Tag: woman

  • I Am A Malay Woman

    I Am A Malay Woman

    I am a Malay woman. I only get half share of any inheritance of what my brothers get.
    I am a Malay woman. My testimony is only half that of a man.
    I am a Malay woman. During prayers, I cannot pray in the same row as my sons but must always be behind them.
    I am a Malay woman. Before I go out of my house, they tell me that I must first get my husbands permission to leave the house.

    I am a Malay woman. As a wife, my husband is entitled to marry 3 other women, but I can only be married to one, at a time.

    I am a Malay woman. As a wife, I am ordered to obey the husband.

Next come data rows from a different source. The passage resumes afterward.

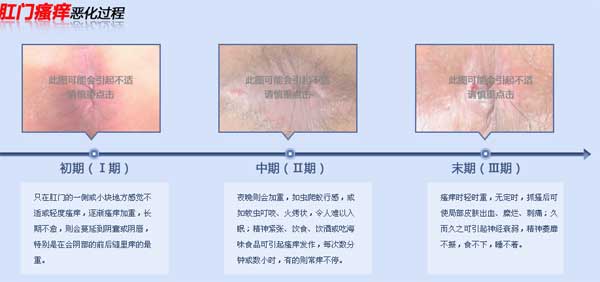 肛门瘙痒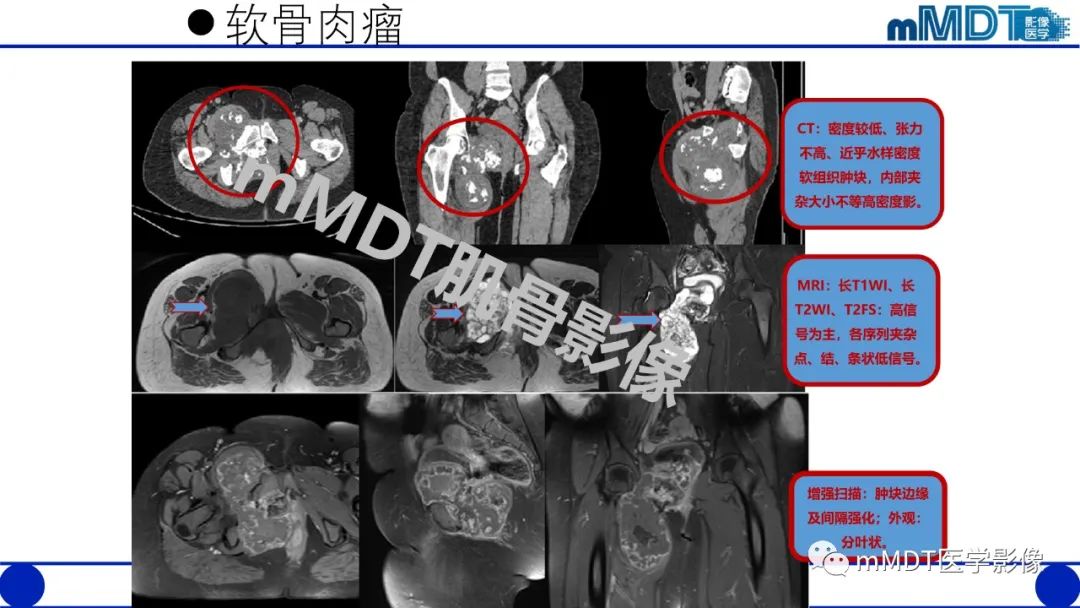 影像PPT - 【PPT】浅析软组织高密度影-35 影像PPT - 【PPT】浅析软组织高密度影-35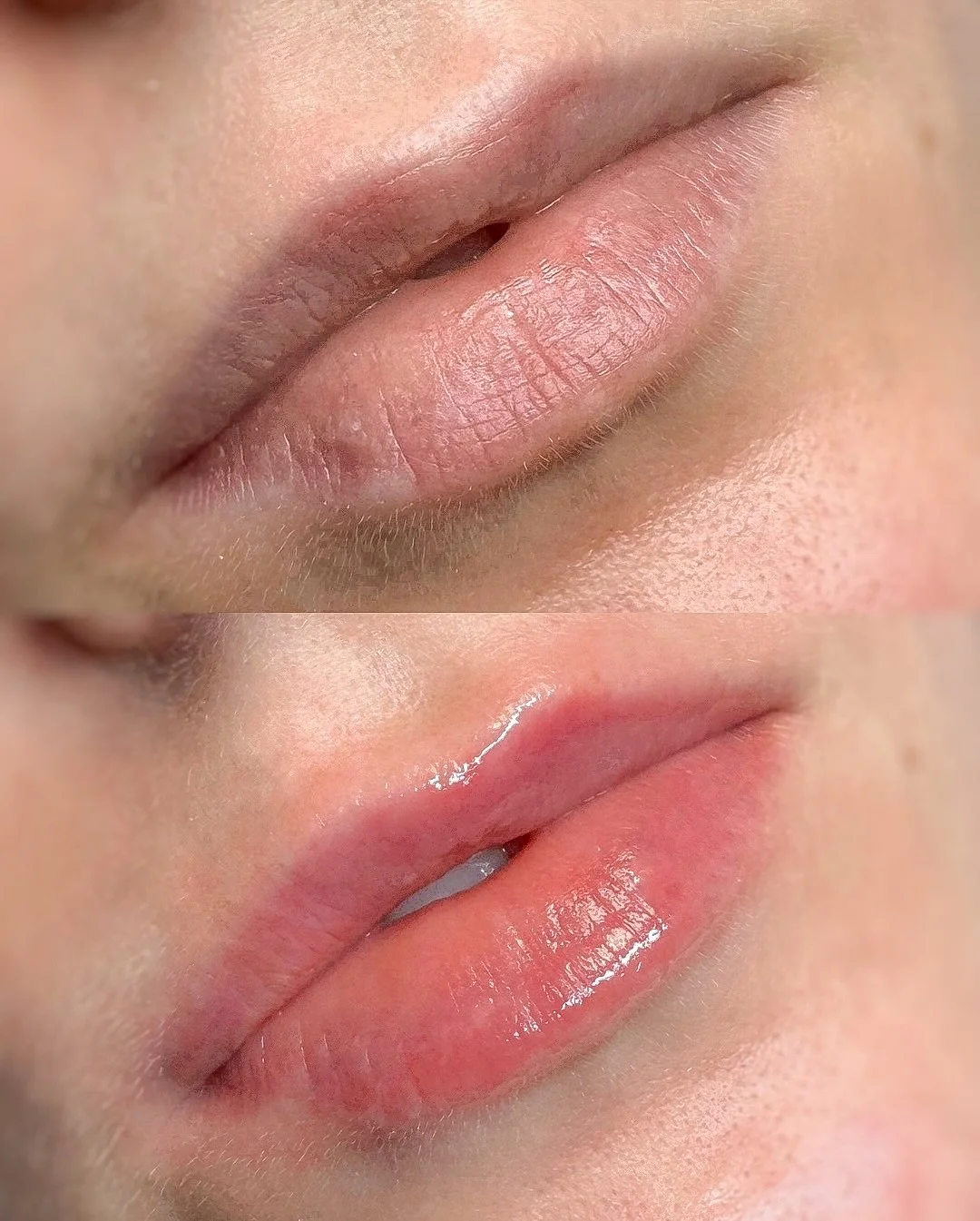 L&aacute;bios secos, com peles soltas e sem vida? O HydraGloss &eacute; para ti 💋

    I am a Malay woman. As a wife I am only entitled to 1/8 of my husbands estate (thats if he only has one wife, otherwise I am only entitled to 1/32 of his estate if he has 4 wives.) But my husband is entitled to half of whatever I own upon my death, if I have no children, and 1/4 if I left children.

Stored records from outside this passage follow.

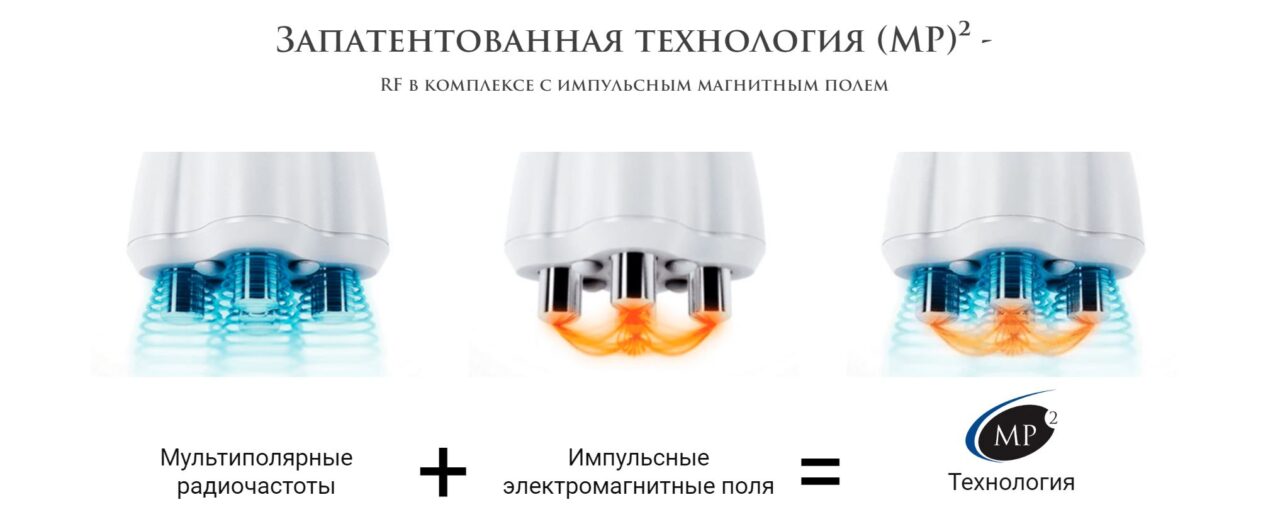RF-лифтинг: все о процедуре, как работает, уход, показания ...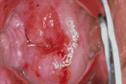 Journals Watch - Chlamydia and heart failure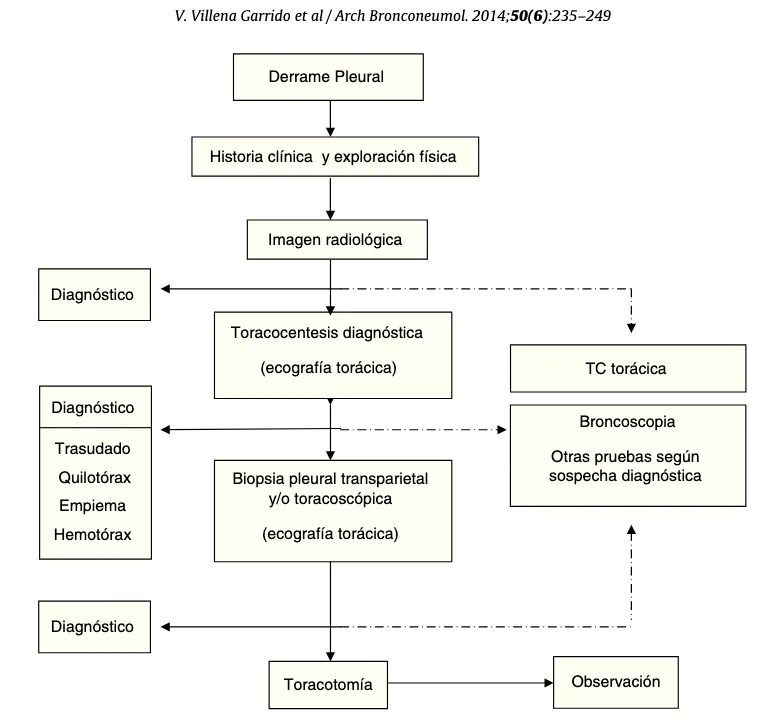 derrame pleural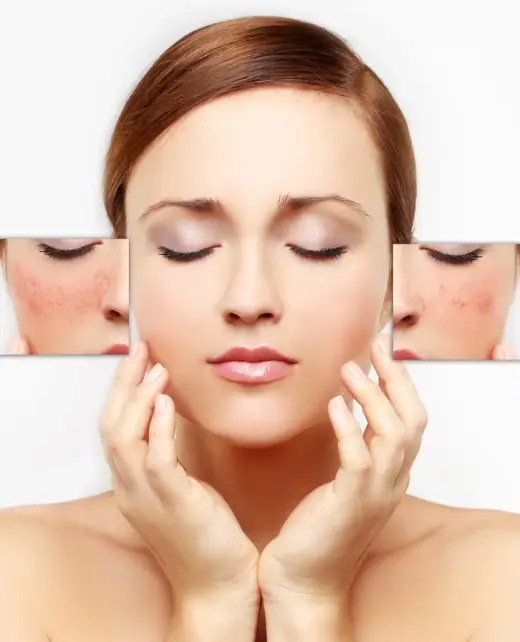 Effective laser pigmentation removal to reduce dark spots and uneven skin tone.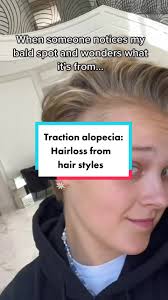 #stitch with @JoJo Siwa #tractionalopecia #hairloss #dermguru #dermtok  #hairtok #carryingyourlovewithme #hairlosstiktok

    I am a Malay woman. While the men can wear anything they want, I am required to cover my whole body save for my face and hands. Falsely conjectured.

    I am a Malay woman. I cannot divorce my husband unless he agrees. Unless I redeem myself through Khul’. Unless I fight for my right to freedom in the courts. Which take time.

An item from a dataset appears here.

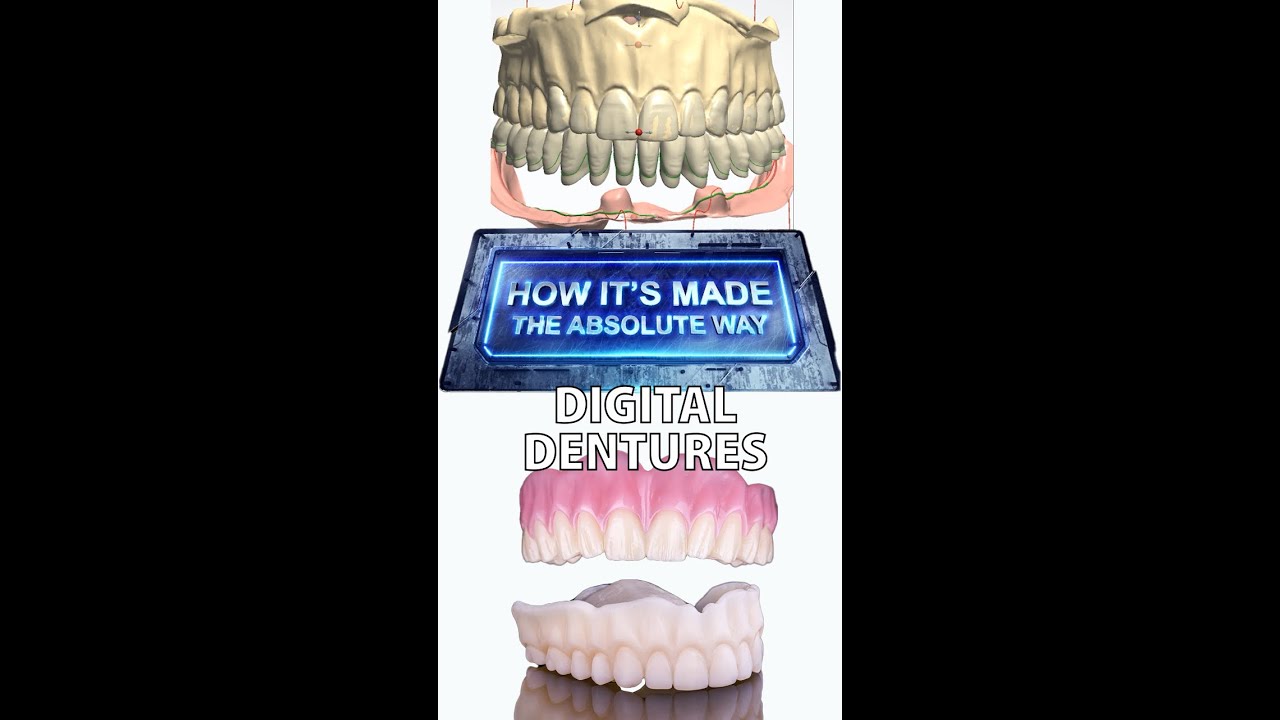 How a Digital Denture is Made!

    I am a Malay woman. My ex husband doesnt bother to pay for my childrens maintenance. It is not an offence. But if I fail to obey my husband to have sex with him, I am nusyuz. And the angels will not visit me for I am cursed for the night

    I am a Malay woman.
    Isn’t this caste system?
    *******************************************
    Update:
    Wow! I really didnt expect a post of truth to generate this much condemnations.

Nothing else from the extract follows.